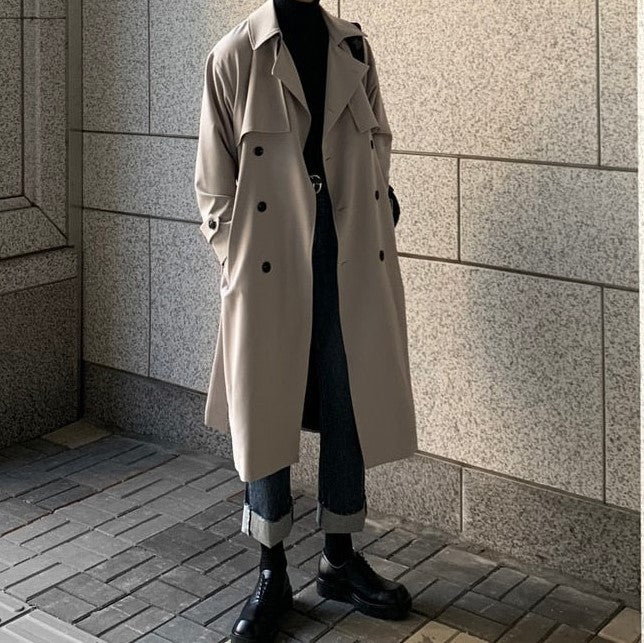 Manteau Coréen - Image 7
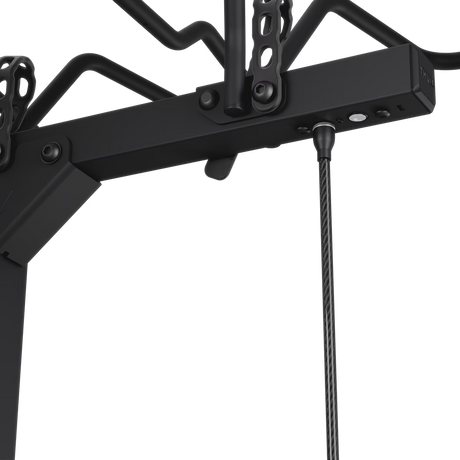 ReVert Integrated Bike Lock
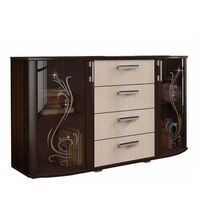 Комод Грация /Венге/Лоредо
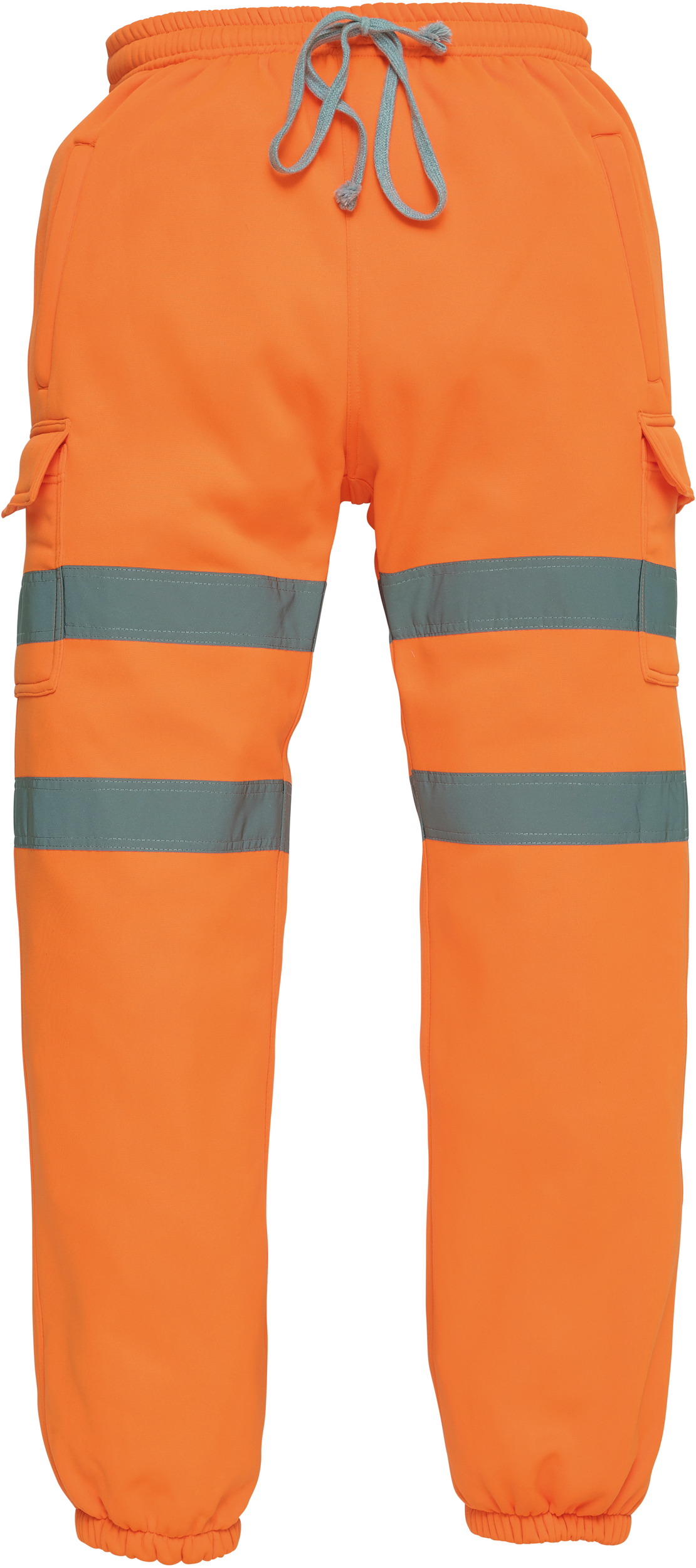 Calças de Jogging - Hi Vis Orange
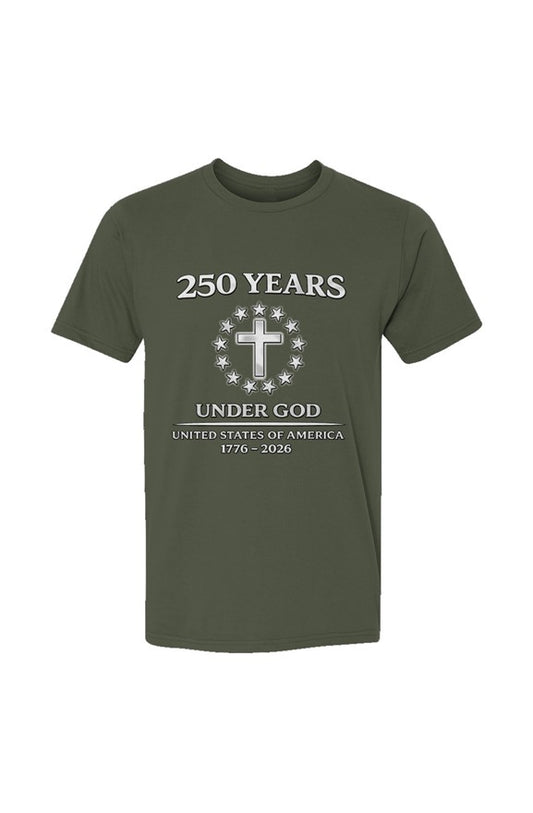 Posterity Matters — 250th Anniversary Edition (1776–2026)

● ● ● ● ● ● ●

* [WORK INSTRUCTION]: Give again, word for word, the lines above from the one with "Комод Грация /Венге/Лоредо" through the final line of the data, both ends included. Do not copy any picture.

* [RESPONSE FOR THIS EXERCISE]:
 Комод Грация /Венге/Лоредо
 Calças de Jogging - Hi Vis Orange
 Posterity Matters — 250th Anniversary Edition (1776–2026)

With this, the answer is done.